A summary of the "must-read" articles from the journals in that pile on your desk.

Exercise May Delay Dementia and Alzheimer's Disease Onset

Ann Intern Med. 2006;144:73-81 [Jan. 17, 2006]

Patients over 65 who exercised at least three times a week were significantly less likely to develop dementias (incidence rate, 13 per 1,000 person-years) than those who exercised less frequently (19.7 per person-years), report researchers at the University of Washington in Seattle researchers.

Circulation. 2006;113:374-379

Investigators at the Maine Medical Center in Portland found that the utilization rates of cardiac stress testing, cardiac catheterization and revascularization procedures nearly doubled from 1993 to 2001, but hospitalizations for acute MI remained stable. The authors suggest that the increases, "although conferring benefit for some, may expose others to risk and cost without benefit."
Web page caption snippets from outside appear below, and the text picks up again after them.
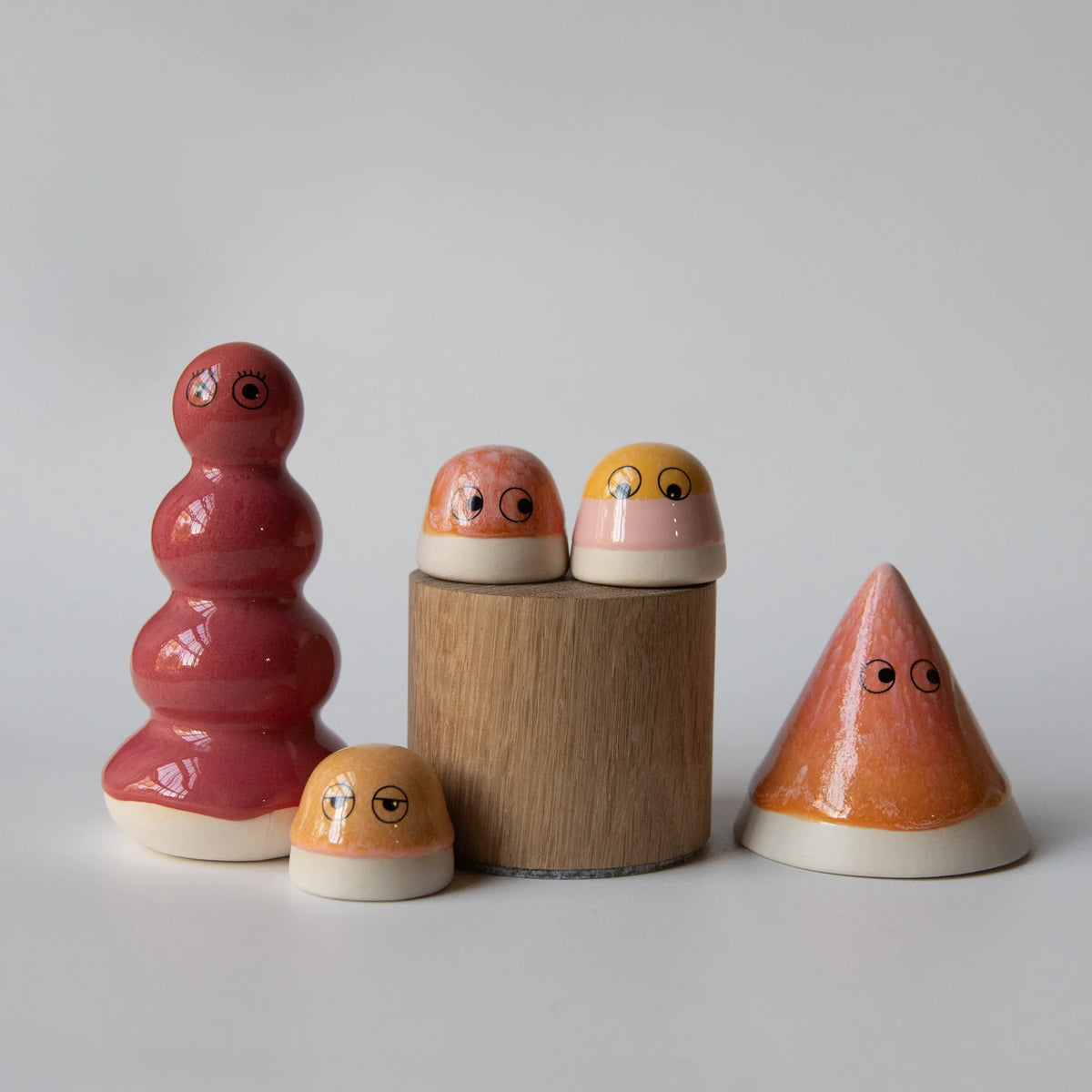 Studio Arhoj Familia Figurine | Dot | Lina in Orange/Pink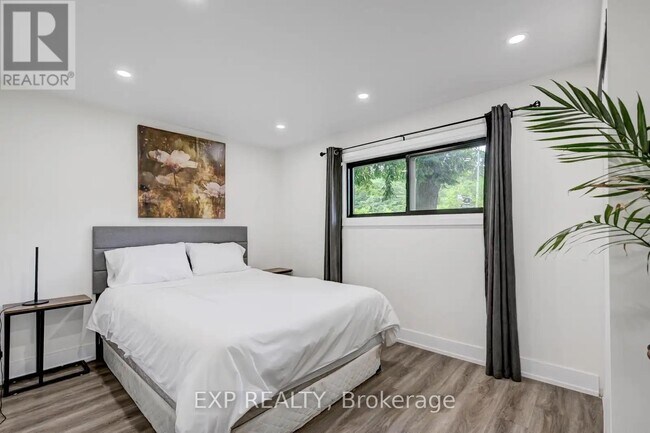 Photo du bâtiment - 8632 Hwy 35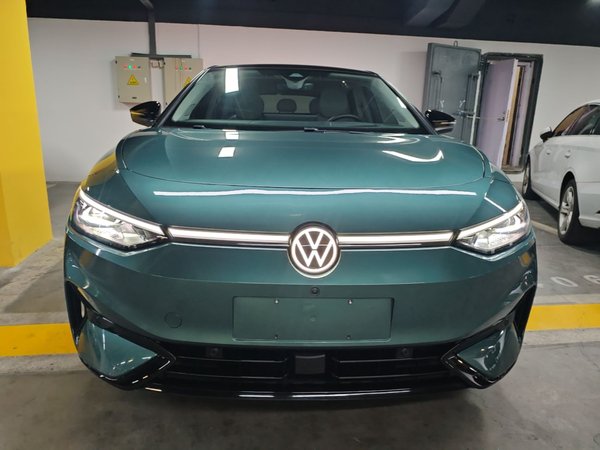 Volkswagen ID.7 VIZZION 2024, 51800 км, за 17051 USD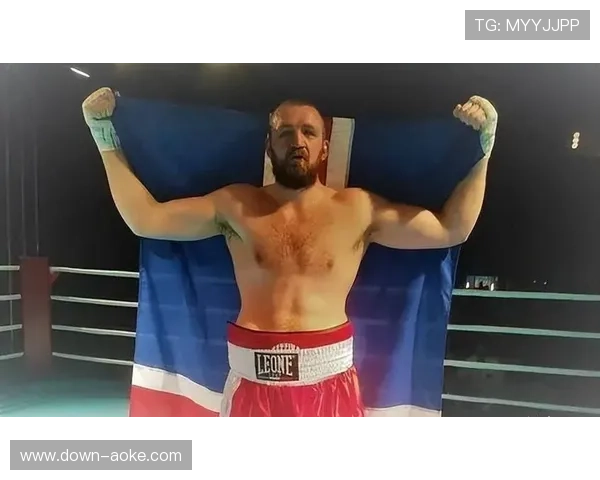 冰岛拳手克里斯坦松与委内瑞拉名将马丁内斯激烈对决 冰岛拳手克里斯坦松与委内瑞拉名将马丁内斯激烈对决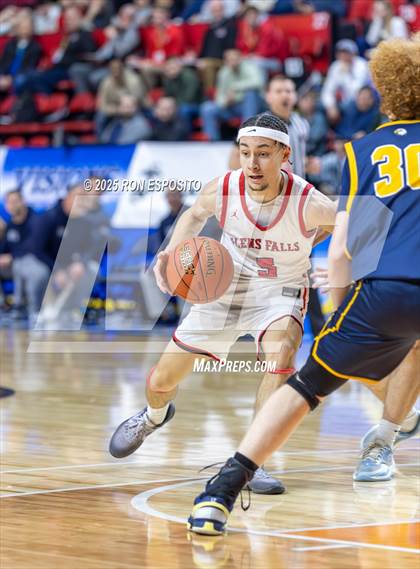 Thumbnail 2 in Wayne vs Glens Falls (NYSPHSAA Class A Semifinal) photogallery.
Radiation Therapy Improves Endometrial Cancer Survival

JAMA. 2006;295:389-397 [Jan. 25, 2006]

The largest population analysis to date shows that adjuvant radiation therapy significantly improved overall and relative survival in patients with stage I endometrial cancer (stage 1C/ grades 1, 3 and 4).
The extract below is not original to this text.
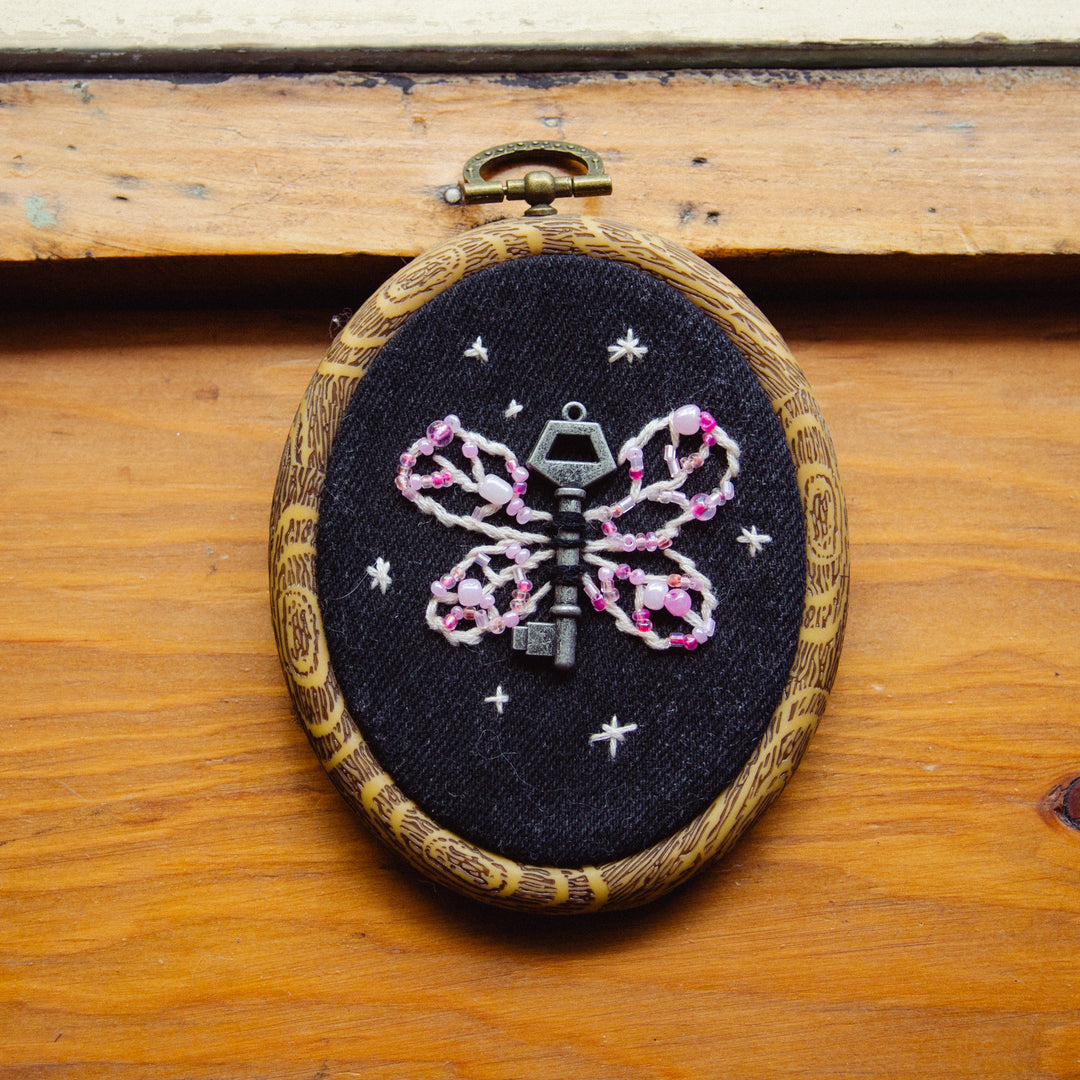 Broderie murale — Papillon et clé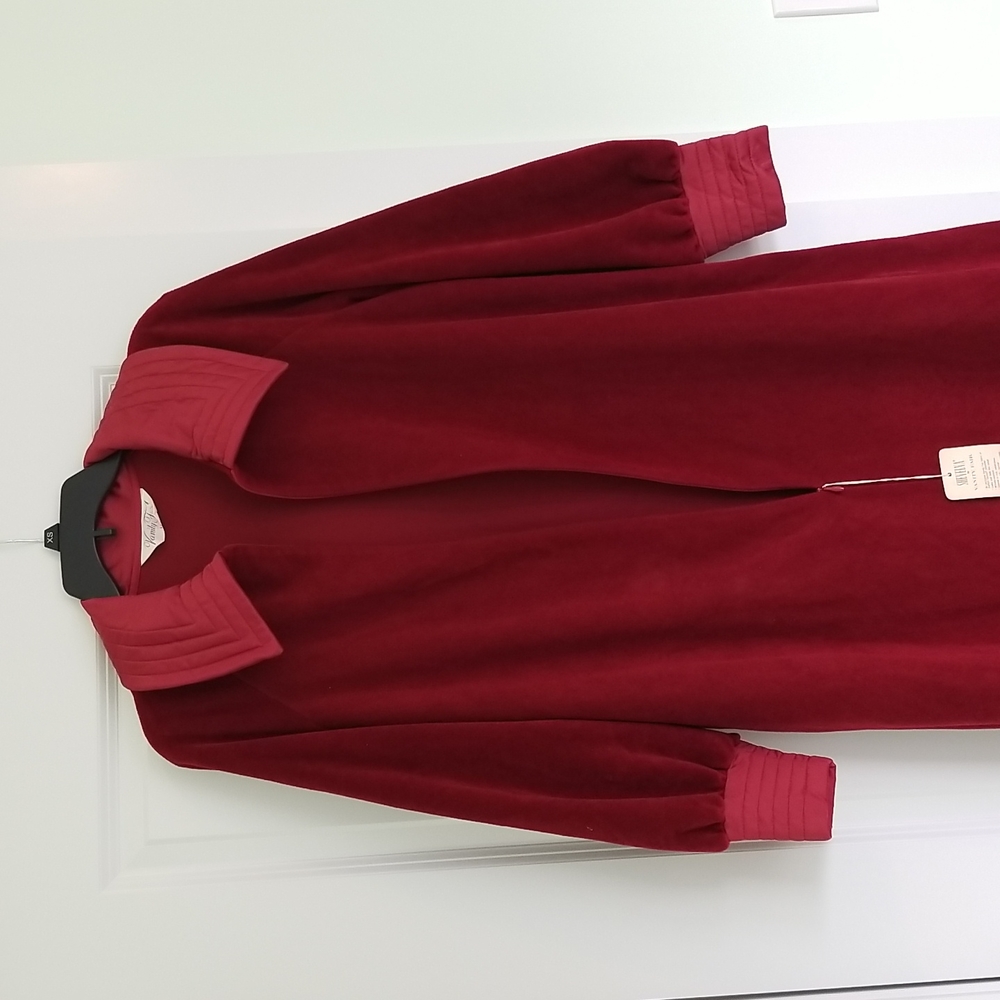 Vintage new with SOME tags, Vanity Fair housecoat/robe/nightwear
Omega-3 Fatty Acids Unlikely to Cut Cancer Risk

JAMA. 2006;295:403-415

An analysis by RAND Health investigators of 40 years of research and nearly as many studies shows that of 65 estimates of a link between omega-3 fatty acid consumption and 11 different types of cancers across 20 cohorts from seven countries, only eight were statistically significant and results of many cancers were contradictory.

Aspirin Therapy Reduces Cardiovascular Events

JAMA. 2006;295:306-313 [Jan. 18, 2006]

In a database search of prospective, randomized trials of aspirin therapy in patients without cardiovascular disease, investigators at Duke University found a 17% reduction in strokes associated with aspirin therapy in women. Among men, there was a 32% reduction in MIs. The researchers estimate that aspirin therapy for an average of 6.4 years would prevent three cardiovascular events per 1,000 women and four per 1,000 men.
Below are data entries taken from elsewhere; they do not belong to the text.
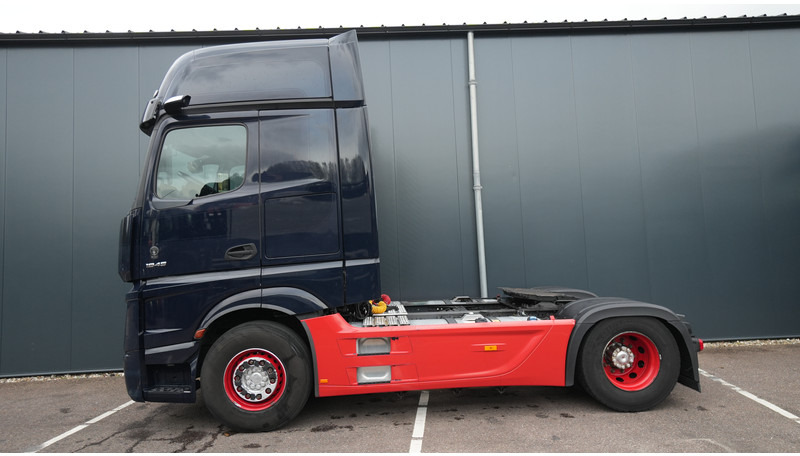 Mercedes-Benz ACTROS 1945 GIGASPACE 713.000KM - شاحنة جرار: صور 1 Mercedes-Benz ACTROS 1945 GIGASPACE 713.000KM - شاحنة جرار: صور 1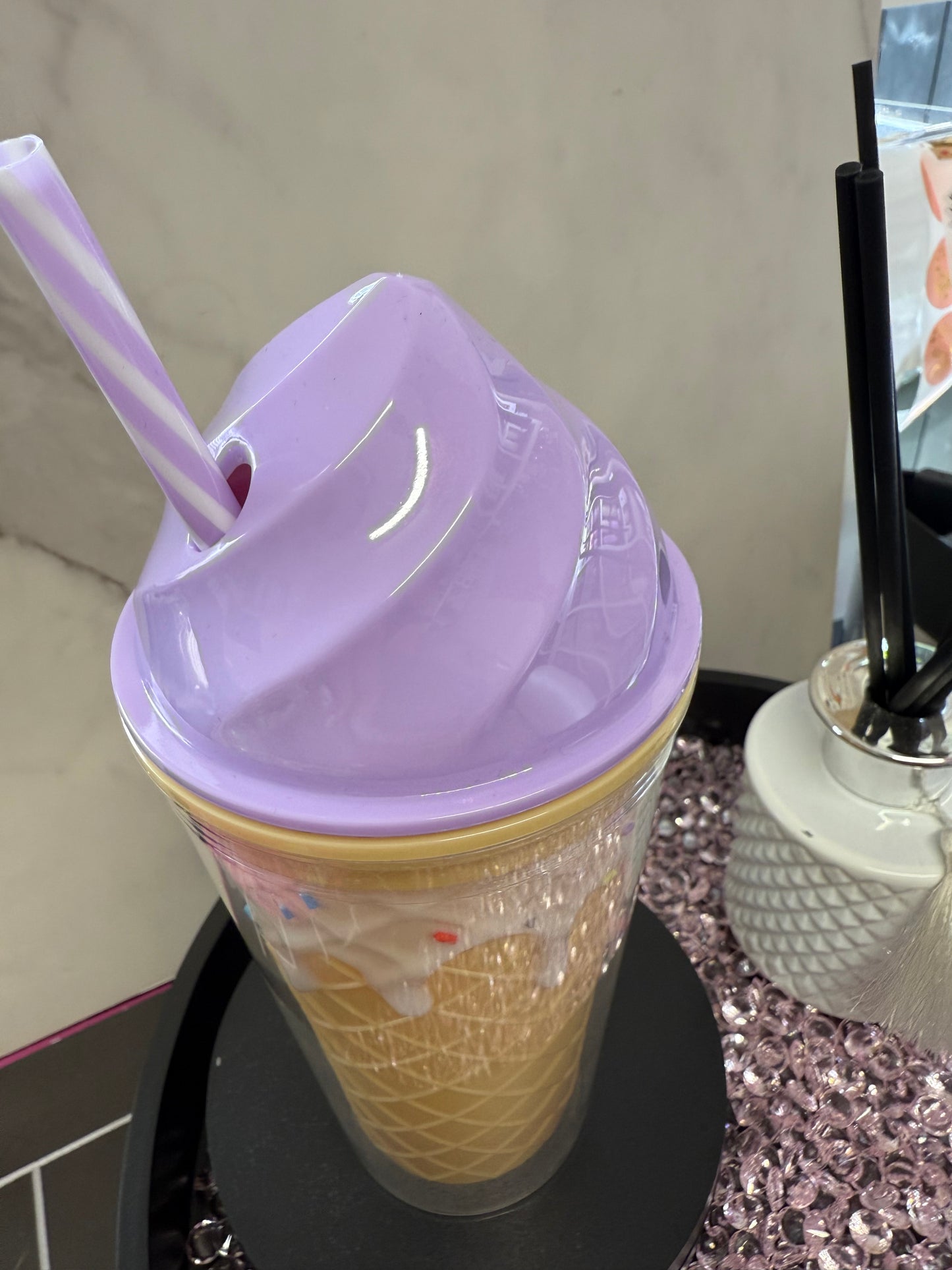 Ice cream cup 24oz
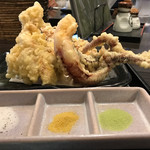 讃岐うどん 白庵 - 塩で食べる天ぷら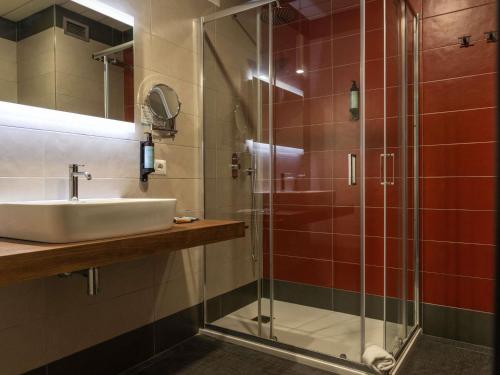 un baño con lavabo y ducha en Mercure Hotel President Lecce, en Lecce
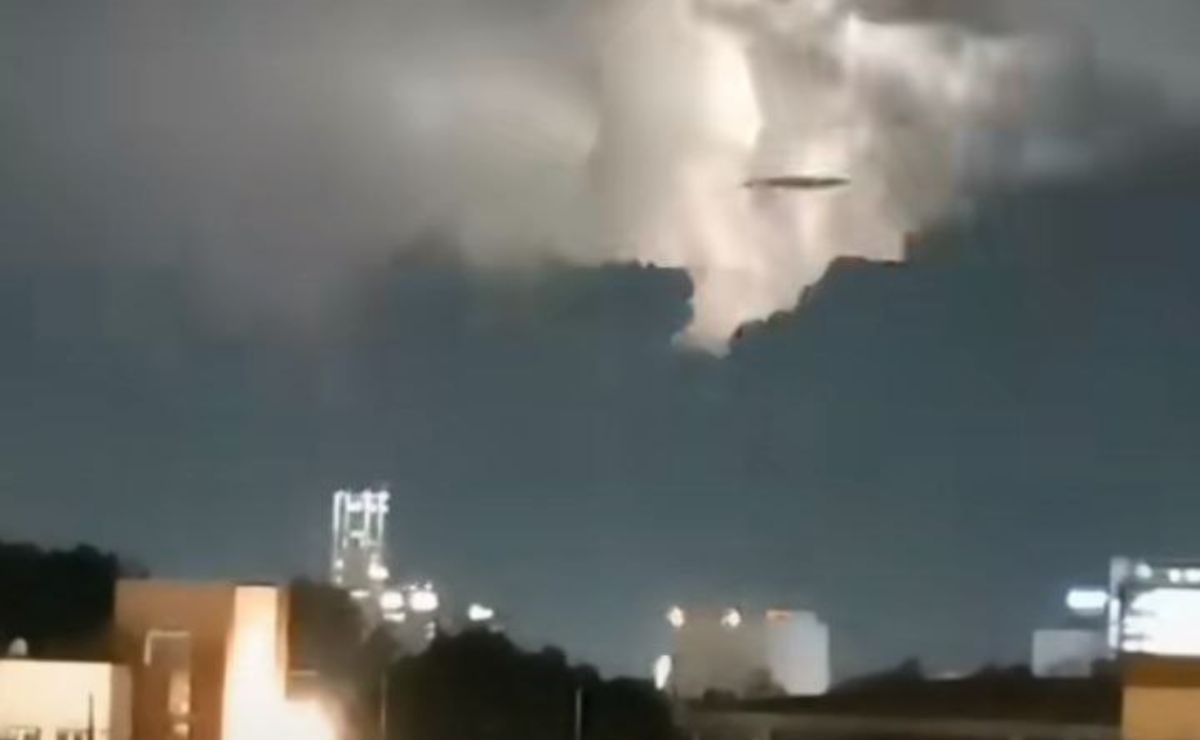 Este extraño objeto fue visto en el cielo de Puebla | Foto: TikTok soydassa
Light Smoking More Dangerous for Blacks, Native Hawaiians

N Eng J Med. 2006;354:333-42 [Jan. 26, 2006]

Blacks and Native Hawaiians who smoke fewer than 20 cigarettes a day have a significantly higher risk of lung cancer than people in other racial and ethnic groups who smoke the same amount, according to researchers at the University of Southern California in Los Angeles. The researchers found no significant racial or ethnic differences among those who smoked more than 30 cigarettes a day. The authors suggest further research into differences in the metabolism of nicotine and tobacco carcinogens to help explain differences between populations in the susceptibility to smoking-related lung cancer.

Inhaled Saline Improves Lung Function in Cystic Fibrosis

N Engl J Med. 2006;354:229-240 and 354:241-250 [Jan. 19, 2006]

Inhaled hypertonic saline may be a safe, inexpensive and effective way to improve lung function in cystic fibrosis patients, according to studies done in Australia and the US. In both studies patients showed significantly higher forced expiratory volume (FEV1).

White Blood Cell Count Linked To Cancer Mortality Later On

Arch Intern Med. 2006;166:188-194 [Jan. 23, 2006]

Patients with a high WBC count at the time of the study were 1.73 times more likely to have died of cancer on follow-up seven years later, say researchers at the National University of Singapore. Those with a high WBC count who didn't use aspirin had a 2.4-fold increased cancer mortality risk.